No. It’s about patient safety first. It’s about discrimination. It’s about service without funding, about a government that won’t listen, and about individual salary cuts. There are a lot of things being conflated and many, many different points being raised. Part of what’s going on is an attempt to generate a “7-day NHS”, which is a terrible way of describing what’s actually happening. The NHS is already 7-day. What’s being attempted is a 7-day elective service but with the funds, resources, and personnel for a 5-day service. So, the same number of doctors (and other healthcare professionals) will be spread more thinly attempting to provide an expanded service without the infrastructure to do so. In essence, we’ve got a bucket of paint barely enough for five walls and we’re trying to paint seven walls with it. That’s the additional service side of things, and there’s far more to be said about it in terms of ‘time to senior review’ and the actual manifesto mandate. It’s worth saying that it’s been acknowledged that the junior doctors’ contract is the one that least needs changing to make a 7-day NHS viable, as we already work 7 days.
The individual salary side of things involves the take-home salary of each single doctor – not the funding provided for services etc – and how a reduction there will simultaneously lead to unsafe hours. We’ll be paid less for working more hours – a decrease in take-home salary because of a reduction in banding.
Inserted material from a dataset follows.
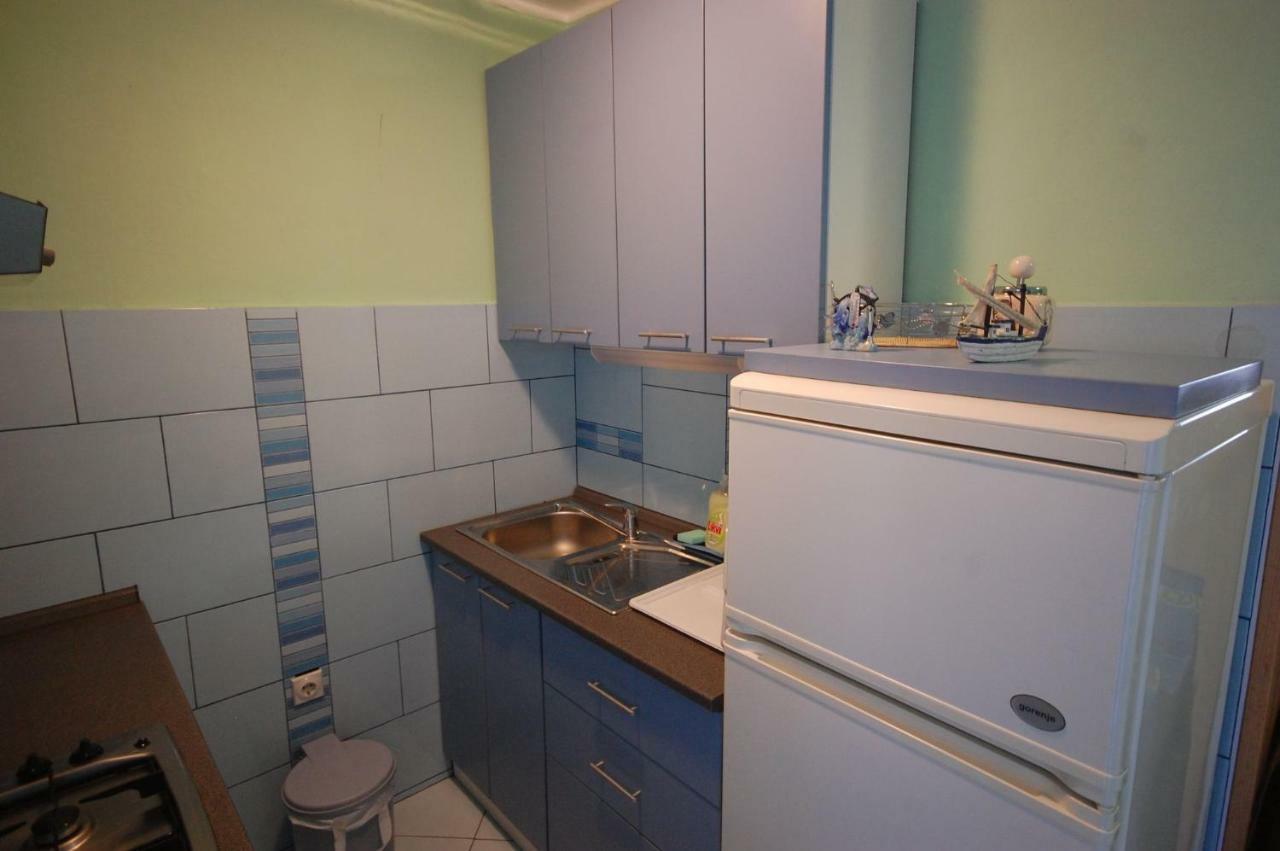 Apartments Juric By El-Pi Tours Njivice Bagian luar foto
Doctors receive a multiplier on their weekly salary based on how ‘unsocial’ their week is – night shifts, back-to-back shifts, ultra-long shifts, etc. See my response in another reply below. The problem with this contract is that it removes a lot of the financial safety nets that stop us being overworked whilst simultaneously decreasing our pay. Trusts don’t want to pay doctors extra banding to work unsafe hours, and so they hire in rested locum doctors or arrange rotas correctly. If that changes, the result is twofold: one, we’re worked harder and on stupider rotas – a day shift followed by two nights, followed by a long day shift, followed by a half day off, followed by on call on the weekend, etc. It’s totally random and is designed to plug gaps in the rota rather than to give us any semblance of a weekly or monthly pattern, treating us as numbers on a spreadsheet. That disadvantages our formal teaching, which is done almost entirely during daylight hours, as fewer of us will be around in the daytime. This is dangerous for patients and dangerous for doctors; we’re already overworked enough (cf the anaesthetist who died when he fell asleep at the wheel recently driving home after a series of long shifts) and adding more work will just lead us to make more mistakes and patient safety suffers, as does our own personal health.
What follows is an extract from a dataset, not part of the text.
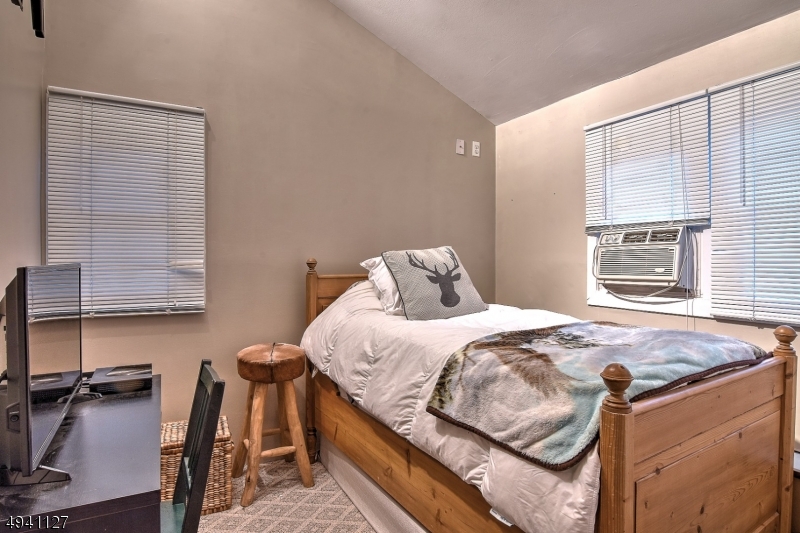 Lake Shawnee - Residential Lease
Two, it’s a take-home pay cut. We didn’t ask for the government to fiddle with our contract or our pay. We’re fighting against a decrease in our take-home pay when we have mortgages, kids, etc. There’s no reason to mess with our pay, reducing it and then claiming “doctors are getting a pay rise! Trust me!” because it’s patently false. The discrimination against women (who will need to take time off more frequently than men for maternity/paternity leave), doctors with disabilities/LTFT trainees is entirely unacceptable. Too many of us are already leaving the profession and this is just going to drain England of its doctors, who are leaving for places where they work fewer hours in safer conditions for more pay and in a better culture of collaboration.
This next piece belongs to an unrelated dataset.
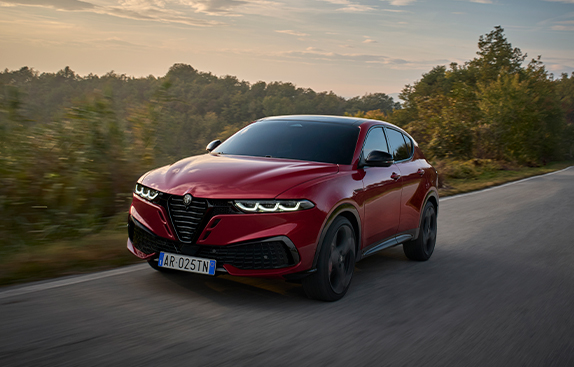 Alfa Romeo SUV - Electrifying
A fully 7-day NHS is an admirable goal, but junior doctors are not the people preventing that from being a reality. Adding more doctors over the weekend will just leave us in hospital twiddling our thumbs, waiting for Monday when social care, OT/PT/SALT/hospices/district nurses etc etc are available again to finalise discharges. Massive cuts to community care, housing, and social programs have led to exit block from hospital into community, and from A&E into hospital. Junior doctors are not the bottleneck. And they know that.